§ **Exercise instructions**
From the records below, print only the part that opens with the line containing "Keystones Arctic White/Black" and closes with the line containing "Danier Women’s Y2K Teal Leather Jacket"; omit the pictures.

§ **Information provided**

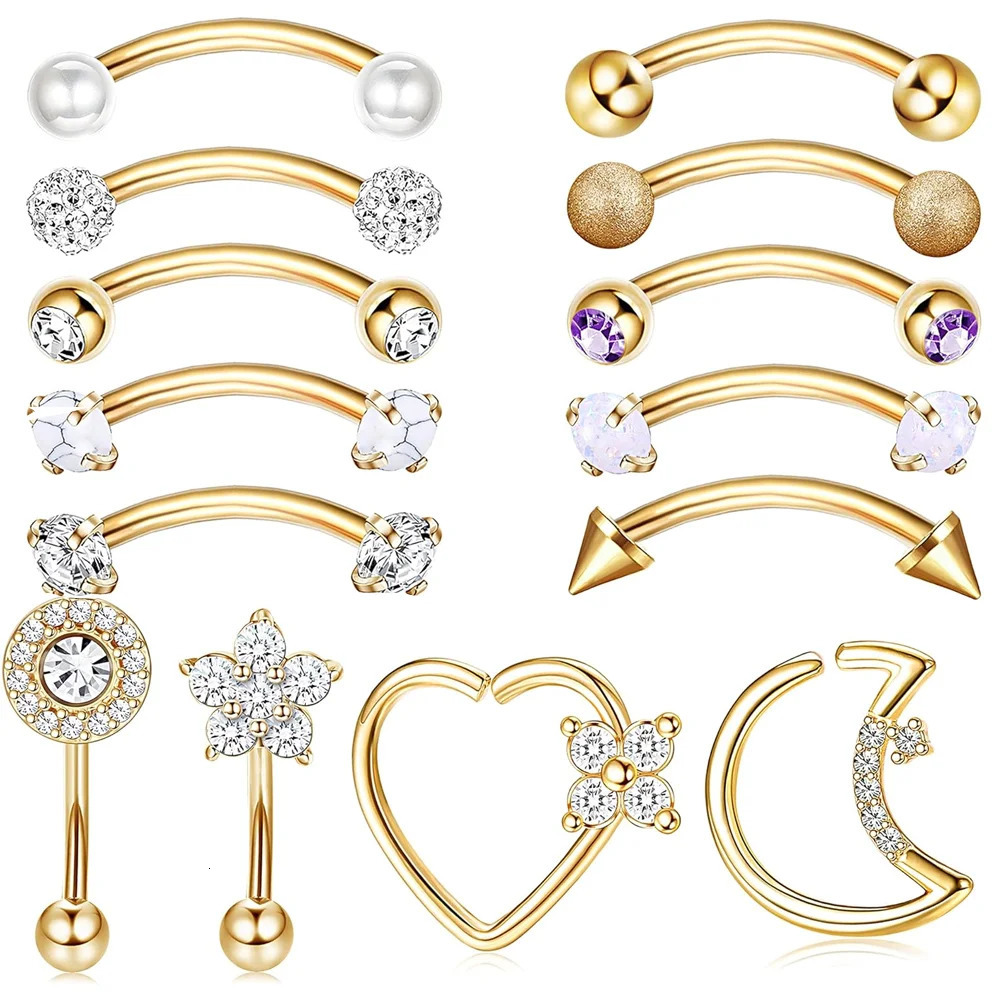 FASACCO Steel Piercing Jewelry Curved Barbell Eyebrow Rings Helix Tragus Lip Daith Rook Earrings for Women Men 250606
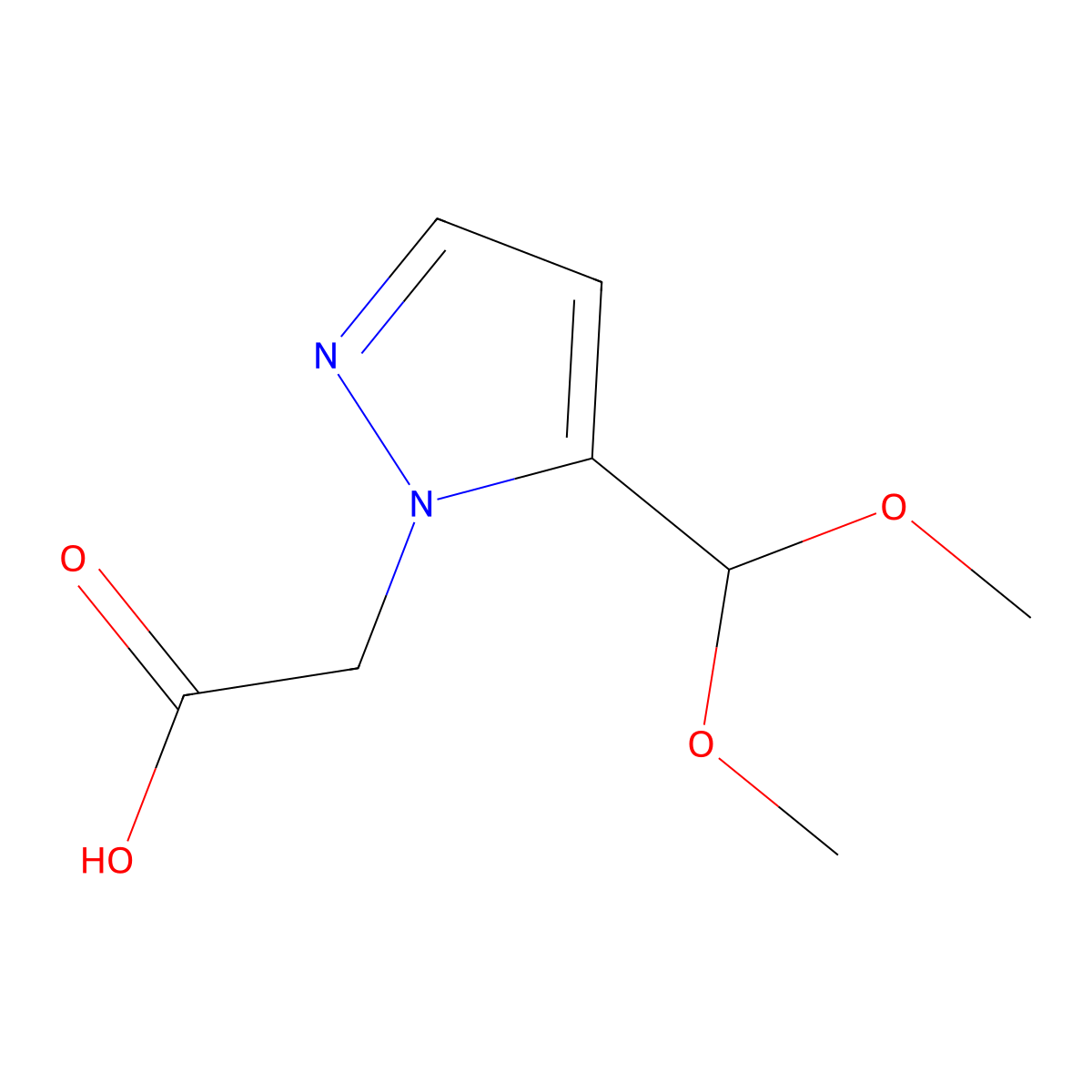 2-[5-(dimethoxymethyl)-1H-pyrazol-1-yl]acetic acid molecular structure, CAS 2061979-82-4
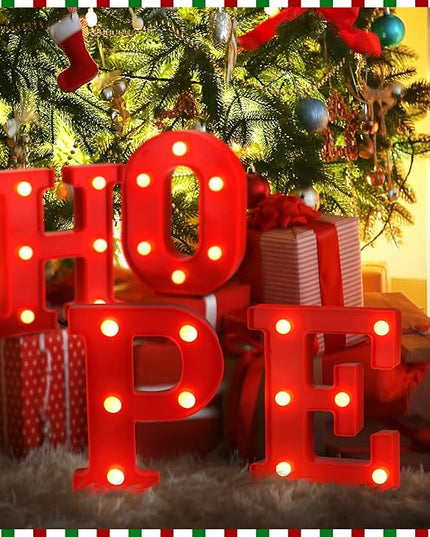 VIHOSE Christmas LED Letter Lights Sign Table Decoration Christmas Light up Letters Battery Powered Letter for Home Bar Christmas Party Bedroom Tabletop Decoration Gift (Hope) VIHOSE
...
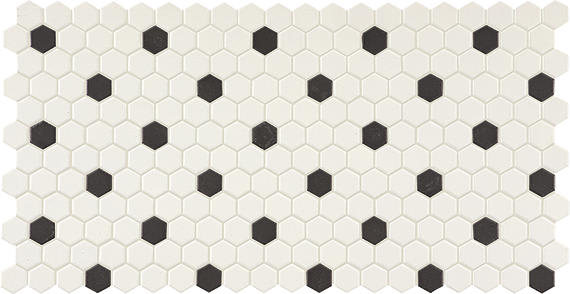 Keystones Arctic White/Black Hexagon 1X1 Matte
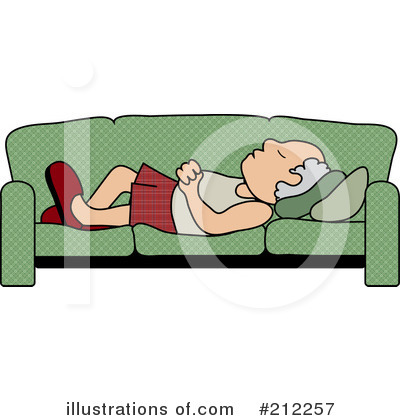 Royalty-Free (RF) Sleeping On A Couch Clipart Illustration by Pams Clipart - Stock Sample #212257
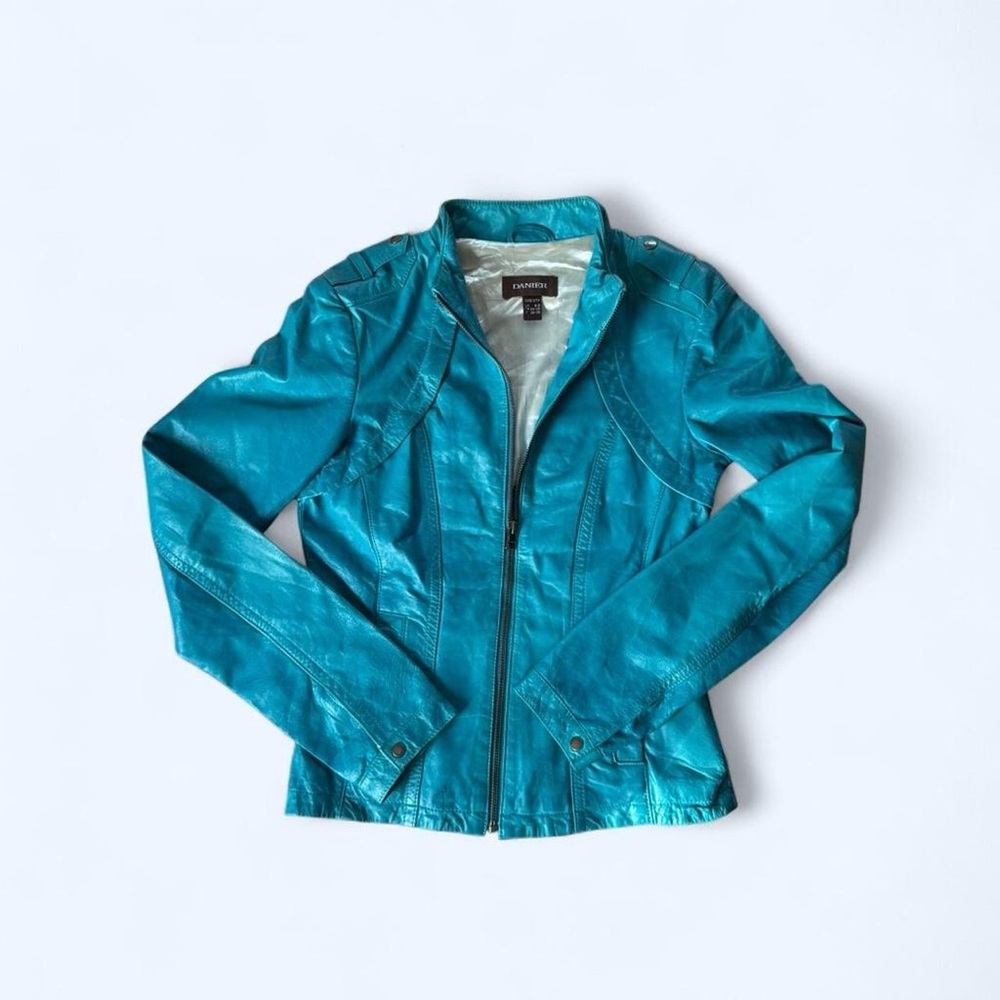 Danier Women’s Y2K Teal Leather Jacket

§ **Written solution**
 Keystones Arctic White/Black Hexagon 1X1 Matte
 Royalty-Free (RF) Sleeping On A Couch Clipart Illustration by Pams Clipart - Stock Sample #212257
 Danier Women’s Y2K Teal Leather Jacket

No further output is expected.